"""
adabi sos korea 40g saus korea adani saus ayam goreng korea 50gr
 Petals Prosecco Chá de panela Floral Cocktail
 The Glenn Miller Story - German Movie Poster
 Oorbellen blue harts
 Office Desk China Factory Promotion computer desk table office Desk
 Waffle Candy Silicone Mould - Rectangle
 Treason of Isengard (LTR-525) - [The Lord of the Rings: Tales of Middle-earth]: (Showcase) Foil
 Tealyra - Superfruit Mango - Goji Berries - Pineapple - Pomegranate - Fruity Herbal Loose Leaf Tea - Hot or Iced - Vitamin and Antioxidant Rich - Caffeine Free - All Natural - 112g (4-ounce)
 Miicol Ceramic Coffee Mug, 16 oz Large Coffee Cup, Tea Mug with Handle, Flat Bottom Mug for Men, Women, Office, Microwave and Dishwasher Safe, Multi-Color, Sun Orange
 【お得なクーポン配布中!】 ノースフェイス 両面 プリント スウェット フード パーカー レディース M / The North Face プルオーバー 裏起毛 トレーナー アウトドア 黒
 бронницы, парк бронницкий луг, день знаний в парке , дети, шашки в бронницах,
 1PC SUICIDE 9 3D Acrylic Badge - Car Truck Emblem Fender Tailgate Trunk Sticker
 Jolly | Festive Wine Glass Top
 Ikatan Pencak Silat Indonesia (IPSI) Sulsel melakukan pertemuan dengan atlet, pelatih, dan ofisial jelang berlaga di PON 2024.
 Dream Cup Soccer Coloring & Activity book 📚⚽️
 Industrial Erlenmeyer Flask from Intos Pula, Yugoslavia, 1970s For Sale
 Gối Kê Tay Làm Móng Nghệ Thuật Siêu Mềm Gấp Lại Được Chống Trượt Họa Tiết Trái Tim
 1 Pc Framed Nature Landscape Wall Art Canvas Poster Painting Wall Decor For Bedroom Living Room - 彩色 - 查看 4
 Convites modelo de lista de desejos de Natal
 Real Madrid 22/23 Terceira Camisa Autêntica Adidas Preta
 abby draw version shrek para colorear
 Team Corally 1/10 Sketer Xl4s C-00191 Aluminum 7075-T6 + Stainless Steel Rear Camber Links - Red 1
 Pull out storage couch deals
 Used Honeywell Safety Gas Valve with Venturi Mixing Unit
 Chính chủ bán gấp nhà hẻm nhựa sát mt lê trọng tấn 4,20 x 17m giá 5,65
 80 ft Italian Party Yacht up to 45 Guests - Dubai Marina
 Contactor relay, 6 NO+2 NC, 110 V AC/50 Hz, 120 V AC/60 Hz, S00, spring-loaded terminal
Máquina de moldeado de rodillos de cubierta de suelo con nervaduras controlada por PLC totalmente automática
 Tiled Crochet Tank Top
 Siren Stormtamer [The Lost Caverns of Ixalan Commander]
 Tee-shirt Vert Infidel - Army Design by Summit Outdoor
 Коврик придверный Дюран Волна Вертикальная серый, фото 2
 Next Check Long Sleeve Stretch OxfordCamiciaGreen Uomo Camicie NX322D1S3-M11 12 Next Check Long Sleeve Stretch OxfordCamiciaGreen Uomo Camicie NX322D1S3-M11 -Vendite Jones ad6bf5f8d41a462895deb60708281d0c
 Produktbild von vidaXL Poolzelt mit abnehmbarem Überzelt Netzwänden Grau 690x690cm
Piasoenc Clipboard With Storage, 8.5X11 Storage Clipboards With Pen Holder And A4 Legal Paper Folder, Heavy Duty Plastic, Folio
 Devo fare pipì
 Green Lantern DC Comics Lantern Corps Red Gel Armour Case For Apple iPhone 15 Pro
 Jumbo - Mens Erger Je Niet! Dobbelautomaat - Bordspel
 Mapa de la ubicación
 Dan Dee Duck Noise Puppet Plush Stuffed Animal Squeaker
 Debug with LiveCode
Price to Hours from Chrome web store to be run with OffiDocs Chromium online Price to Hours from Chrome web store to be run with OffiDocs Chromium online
"""
### What is being asked
Each line of the entries above that has the word "Office" is to be copied.

### Task output
 Office Desk China Factory Promotion computer desk table office Desk
 Miicol Ceramic Coffee Mug, 16 oz Large Coffee Cup, Tea Mug with Handle, Flat Bottom Mug for Men, Women, Office, Microwave and Dishwasher Safe, Multi-Color, Sun Orange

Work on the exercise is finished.